8-Layer Assertion Pipeline

The assertion pipeline is the core evaluation engine in Attest. It processes assertions through eight layers ordered by cost, evaluating the cheapest deterministic checks first and only escalating to expensive probabilistic evaluation when necessary.

Pipeline Overview

flowchart TD
    INPUT["Trace + Assertions"] --> L1

    subgraph FREE["Free & Deterministic"]
        L1["Layer 1: Schema<br/>JSON Schema validation"]
        L2["Layer 2: Constraint<br/>Value ranges, bounds"]
        L3["Layer 3: Trace<br/>Step ordering, tool calls"]
        L4["Layer 4: Content<br/>Regex, keywords, patterns"]
    end

    subgraph PAID["Paid & Probabilistic"]
        L5["Layer 5: Embedding<br/>Semantic similarity<br/>≪$0.001/call"]
        L6["Layer 6: LLM Judge<br/>Natural language eval<br/>~$0.001/call"]
    end

    subgraph STRUCTURAL["Free & Structural"]
        L7["Layer 7: Trace Tree<br/>Multi-agent chains"]
    end

    subgraph CUSTOM["Custom"]
        L8["Layer 8: Plugin<br/>User-defined logic"]
    end

    L1 --> L2 --> L3 --> L4 --> L5 --> L6 --> L7 --> L8
    L8 --> RESULT["Results: pass / soft_fail / hard_fail"]

Evaluation Order

The engine evaluates layers sequentially within a batch. Deterministic layers (L1-L4) run first. If any deterministic assertion hard-fails and fail_fast is enabled, the engine skips expensive L5/L6 evaluation entirely.

flowchart LR
    A["Batch Request"] --> B["Phase 1: L1-L4<br/>(sequential, <5ms each)"]
    B --> C{Any hard fail?}
    C -->|"Yes + fail_fast"| D["Skip L5/L6<br/>Return results"]
    C -->|"No"| E["Phase 2: L5/L6<br/>(parallel, 100ms-3s each)"]
    E --> F["Phase 3: L7/L8<br/>Return all results"]
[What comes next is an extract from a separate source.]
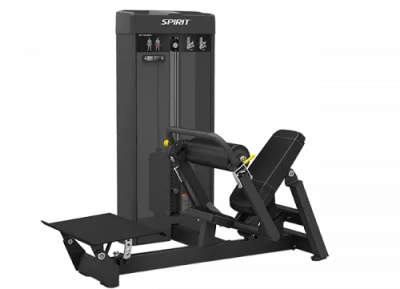 Ягодичный мост SPIRIT SP-4315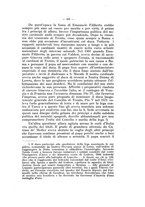 giornale/LO10016596/1928/unico/00000197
Layer 1: Schema Validation

Cost: Free | Speed: <1ms | Deterministic: Yes

Validates structured data against JSON Schema definitions. Use for tool call arguments, structured output fields, and API response shapes.

What It Checks

Tool call arguments match their declared schema
Agent output conforms to a required structure
Specific fields exist with correct types

SDK API

# Output matches a JSON Schema
expect(result).output_matches_schema({
    "type": "object",
    "required": ["response", "confidence"],
    "properties": {
        "response": {"type": "string"},
        "confidence": {"type": "number", "minimum": 0, "maximum": 1}
    }
})

# Tool arguments match schema
expect(result).tool_args_match_schema("process_refund", {
    "type": "object",
    "required": ["order_id", "amount"],
    "properties": {
        "order_id": {"type": "string", "pattern": "^ORD-\\d+$"},
        "amount": {"type": "number", "minimum": 0}
    }
})

Engine Behavior

The engine uses JSON Schema Draft 2020-12 validation. Schema errors produce hard_fail with the validation error path and message in the explanation field.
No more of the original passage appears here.